### Exercise
For the material below, output exactly the span from the line with "be quiet! Pure" to the line with "Fortune Cookie Clutch with Strap - Dear John", including both, and nothing besides.

-*-

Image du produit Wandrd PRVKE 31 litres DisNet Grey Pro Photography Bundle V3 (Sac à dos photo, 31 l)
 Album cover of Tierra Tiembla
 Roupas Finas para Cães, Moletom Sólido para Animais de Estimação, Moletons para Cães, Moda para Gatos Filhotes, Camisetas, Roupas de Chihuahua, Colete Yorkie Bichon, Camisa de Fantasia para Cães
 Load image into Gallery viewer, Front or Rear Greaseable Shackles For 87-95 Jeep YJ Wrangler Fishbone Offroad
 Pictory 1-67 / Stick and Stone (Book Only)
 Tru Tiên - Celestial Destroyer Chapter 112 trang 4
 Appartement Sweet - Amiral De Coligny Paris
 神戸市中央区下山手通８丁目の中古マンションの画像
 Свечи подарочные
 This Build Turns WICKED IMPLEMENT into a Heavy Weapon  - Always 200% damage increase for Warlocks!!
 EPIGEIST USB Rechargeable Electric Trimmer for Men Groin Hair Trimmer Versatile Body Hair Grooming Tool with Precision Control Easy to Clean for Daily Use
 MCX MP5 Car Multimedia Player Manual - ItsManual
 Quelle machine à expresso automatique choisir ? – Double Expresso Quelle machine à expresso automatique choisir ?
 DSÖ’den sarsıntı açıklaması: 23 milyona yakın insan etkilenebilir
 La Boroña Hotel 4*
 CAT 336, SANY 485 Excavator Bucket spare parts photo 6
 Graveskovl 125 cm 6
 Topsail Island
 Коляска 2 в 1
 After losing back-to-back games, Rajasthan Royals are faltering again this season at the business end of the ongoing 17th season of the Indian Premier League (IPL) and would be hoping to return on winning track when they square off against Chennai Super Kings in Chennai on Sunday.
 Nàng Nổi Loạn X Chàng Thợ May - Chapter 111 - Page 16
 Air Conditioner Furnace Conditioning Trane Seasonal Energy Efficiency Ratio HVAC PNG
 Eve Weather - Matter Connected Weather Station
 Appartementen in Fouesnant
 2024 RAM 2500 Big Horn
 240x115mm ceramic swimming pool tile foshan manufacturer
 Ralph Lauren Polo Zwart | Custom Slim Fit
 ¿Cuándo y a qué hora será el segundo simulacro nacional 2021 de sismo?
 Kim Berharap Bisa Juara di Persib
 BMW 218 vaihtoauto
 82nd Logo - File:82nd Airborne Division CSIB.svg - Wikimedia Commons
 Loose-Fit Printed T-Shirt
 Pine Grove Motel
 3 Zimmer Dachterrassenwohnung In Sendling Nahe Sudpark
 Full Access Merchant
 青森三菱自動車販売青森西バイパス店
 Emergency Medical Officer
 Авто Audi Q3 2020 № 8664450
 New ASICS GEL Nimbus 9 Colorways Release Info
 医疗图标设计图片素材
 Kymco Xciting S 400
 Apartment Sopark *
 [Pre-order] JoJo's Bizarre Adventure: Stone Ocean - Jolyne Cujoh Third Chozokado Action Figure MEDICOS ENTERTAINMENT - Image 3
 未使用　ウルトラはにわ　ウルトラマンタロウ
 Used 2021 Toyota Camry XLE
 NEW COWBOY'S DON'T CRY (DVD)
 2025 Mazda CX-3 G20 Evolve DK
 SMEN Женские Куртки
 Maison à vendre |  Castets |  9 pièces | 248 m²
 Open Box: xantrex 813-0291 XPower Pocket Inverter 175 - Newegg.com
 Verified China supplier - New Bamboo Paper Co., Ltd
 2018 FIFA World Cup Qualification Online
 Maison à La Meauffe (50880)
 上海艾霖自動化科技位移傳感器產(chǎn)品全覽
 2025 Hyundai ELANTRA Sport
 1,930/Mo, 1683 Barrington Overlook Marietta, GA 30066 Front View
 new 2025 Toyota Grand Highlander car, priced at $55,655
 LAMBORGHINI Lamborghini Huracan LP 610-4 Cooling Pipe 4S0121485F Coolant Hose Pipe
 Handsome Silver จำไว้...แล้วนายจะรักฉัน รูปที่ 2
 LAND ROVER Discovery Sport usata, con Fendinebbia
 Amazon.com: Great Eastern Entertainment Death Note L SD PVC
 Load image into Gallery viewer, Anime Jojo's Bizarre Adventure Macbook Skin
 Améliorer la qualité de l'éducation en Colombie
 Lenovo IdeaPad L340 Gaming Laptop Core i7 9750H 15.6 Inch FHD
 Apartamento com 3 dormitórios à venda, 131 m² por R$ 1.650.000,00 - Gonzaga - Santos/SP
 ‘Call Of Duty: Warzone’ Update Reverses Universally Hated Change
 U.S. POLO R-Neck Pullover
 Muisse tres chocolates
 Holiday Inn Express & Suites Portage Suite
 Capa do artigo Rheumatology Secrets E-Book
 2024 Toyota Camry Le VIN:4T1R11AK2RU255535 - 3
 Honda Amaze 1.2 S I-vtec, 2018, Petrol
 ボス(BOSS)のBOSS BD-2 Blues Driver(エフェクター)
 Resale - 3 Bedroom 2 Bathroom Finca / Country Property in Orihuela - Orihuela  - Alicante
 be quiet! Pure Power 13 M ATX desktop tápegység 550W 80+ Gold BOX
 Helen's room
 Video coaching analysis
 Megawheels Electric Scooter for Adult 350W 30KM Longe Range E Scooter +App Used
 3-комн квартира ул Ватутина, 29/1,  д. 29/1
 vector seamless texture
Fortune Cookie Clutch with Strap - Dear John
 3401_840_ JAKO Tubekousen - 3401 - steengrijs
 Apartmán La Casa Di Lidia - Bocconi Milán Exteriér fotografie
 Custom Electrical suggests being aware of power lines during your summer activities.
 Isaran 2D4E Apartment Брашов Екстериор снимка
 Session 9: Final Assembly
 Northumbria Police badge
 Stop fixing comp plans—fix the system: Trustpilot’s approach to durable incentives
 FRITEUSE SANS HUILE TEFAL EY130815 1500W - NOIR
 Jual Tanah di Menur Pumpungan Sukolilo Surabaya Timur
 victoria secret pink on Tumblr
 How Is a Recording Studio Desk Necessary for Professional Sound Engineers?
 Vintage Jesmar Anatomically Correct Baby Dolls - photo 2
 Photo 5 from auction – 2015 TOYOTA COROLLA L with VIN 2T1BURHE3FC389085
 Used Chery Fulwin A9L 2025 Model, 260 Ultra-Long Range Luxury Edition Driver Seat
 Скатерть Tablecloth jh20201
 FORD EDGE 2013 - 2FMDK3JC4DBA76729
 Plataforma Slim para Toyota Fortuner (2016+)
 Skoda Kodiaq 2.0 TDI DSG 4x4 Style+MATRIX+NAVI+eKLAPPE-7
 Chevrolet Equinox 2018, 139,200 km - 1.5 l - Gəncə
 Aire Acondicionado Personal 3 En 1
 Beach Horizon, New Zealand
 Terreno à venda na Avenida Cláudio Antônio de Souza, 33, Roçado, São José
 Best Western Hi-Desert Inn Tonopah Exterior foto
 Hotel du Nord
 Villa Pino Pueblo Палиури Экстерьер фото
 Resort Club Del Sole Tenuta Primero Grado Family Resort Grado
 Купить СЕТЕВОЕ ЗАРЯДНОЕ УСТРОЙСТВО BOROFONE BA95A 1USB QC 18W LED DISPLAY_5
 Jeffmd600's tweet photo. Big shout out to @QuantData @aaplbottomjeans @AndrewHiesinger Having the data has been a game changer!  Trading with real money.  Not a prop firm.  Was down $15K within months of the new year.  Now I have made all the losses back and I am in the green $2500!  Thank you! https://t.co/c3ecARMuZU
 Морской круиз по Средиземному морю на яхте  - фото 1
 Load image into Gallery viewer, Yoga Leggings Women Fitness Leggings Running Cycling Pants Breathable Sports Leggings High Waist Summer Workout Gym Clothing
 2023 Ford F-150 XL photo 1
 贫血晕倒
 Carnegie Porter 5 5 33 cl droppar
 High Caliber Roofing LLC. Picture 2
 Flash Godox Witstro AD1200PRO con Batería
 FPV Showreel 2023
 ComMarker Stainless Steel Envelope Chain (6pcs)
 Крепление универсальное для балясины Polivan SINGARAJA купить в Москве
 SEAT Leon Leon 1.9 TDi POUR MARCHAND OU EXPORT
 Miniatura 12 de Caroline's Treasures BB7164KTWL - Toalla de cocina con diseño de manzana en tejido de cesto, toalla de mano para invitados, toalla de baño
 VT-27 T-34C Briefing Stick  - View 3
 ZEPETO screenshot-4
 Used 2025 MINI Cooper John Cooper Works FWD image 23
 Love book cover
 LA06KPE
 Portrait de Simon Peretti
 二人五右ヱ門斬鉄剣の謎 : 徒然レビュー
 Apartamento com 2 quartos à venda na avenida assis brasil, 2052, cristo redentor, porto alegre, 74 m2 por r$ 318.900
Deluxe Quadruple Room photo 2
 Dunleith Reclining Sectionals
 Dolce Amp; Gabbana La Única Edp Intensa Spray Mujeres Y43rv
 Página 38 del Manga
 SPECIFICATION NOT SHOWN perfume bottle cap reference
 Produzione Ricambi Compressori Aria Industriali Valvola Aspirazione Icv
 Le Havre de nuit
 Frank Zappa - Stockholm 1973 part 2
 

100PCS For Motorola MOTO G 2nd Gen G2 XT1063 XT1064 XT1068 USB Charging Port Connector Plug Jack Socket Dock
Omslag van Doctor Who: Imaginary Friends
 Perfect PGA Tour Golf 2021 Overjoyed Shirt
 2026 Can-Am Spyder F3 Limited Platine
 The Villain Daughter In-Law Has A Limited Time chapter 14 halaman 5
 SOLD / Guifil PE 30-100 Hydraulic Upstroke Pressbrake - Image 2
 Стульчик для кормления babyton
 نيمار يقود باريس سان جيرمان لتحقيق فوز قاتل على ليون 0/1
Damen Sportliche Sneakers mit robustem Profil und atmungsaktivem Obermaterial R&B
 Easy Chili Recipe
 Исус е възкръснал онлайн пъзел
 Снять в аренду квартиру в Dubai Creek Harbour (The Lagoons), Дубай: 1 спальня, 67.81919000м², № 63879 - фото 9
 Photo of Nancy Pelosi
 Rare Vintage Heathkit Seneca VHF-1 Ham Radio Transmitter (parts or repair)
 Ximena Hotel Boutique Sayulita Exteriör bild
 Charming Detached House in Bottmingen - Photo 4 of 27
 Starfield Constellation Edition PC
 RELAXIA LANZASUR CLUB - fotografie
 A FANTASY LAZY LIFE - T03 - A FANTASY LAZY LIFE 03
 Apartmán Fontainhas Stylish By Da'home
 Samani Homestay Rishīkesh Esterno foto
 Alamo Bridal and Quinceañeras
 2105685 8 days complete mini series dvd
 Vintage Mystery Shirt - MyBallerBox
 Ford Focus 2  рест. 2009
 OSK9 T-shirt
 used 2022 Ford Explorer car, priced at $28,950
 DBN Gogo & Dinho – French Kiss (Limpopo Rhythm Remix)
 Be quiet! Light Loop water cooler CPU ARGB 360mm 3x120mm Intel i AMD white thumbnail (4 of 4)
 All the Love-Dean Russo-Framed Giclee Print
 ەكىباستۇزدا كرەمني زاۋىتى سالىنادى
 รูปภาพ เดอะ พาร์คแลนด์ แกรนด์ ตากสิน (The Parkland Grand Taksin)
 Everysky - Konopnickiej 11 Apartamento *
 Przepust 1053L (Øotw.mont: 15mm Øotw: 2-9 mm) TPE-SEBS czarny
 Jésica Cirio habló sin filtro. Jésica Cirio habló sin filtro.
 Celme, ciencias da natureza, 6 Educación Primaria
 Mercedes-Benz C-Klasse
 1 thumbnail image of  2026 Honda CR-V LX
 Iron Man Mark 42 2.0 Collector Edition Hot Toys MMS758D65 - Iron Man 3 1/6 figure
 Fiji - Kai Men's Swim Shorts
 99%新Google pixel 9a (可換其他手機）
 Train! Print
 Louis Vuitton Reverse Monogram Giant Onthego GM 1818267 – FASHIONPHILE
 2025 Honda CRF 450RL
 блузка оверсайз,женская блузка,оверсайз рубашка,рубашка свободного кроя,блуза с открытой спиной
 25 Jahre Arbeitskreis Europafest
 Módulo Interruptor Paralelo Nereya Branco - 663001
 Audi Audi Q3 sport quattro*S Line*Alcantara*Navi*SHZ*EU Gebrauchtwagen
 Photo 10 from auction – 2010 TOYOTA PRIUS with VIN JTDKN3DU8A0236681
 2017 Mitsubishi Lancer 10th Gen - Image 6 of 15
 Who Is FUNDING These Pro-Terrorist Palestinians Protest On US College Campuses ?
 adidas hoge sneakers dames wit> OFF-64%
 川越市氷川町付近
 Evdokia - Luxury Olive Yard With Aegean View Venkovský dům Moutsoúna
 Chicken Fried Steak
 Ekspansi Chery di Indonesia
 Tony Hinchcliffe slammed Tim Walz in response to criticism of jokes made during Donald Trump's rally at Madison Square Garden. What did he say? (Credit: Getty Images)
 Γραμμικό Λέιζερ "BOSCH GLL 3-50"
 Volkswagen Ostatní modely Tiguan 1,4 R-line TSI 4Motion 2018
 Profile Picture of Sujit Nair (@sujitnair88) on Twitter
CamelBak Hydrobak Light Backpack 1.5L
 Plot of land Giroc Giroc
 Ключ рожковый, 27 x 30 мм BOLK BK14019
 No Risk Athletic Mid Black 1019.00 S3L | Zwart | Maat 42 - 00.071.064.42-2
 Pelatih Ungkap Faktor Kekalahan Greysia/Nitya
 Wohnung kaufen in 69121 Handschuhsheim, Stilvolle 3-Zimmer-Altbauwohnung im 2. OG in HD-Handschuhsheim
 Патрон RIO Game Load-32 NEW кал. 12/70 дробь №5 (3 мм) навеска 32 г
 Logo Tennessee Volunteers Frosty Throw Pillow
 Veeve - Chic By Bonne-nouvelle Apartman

-*-

### Exercise result
 be quiet! Pure Power 13 M ATX desktop tápegység 550W 80+ Gold BOX
 Helen's room
 Video coaching analysis
 Megawheels Electric Scooter for Adult 350W 30KM Longe Range E Scooter +App Used
 3-комн квартира ул Ватутина, 29/1,  д. 29/1
 vector seamless texture
Fortune Cookie Clutch with Strap - Dear John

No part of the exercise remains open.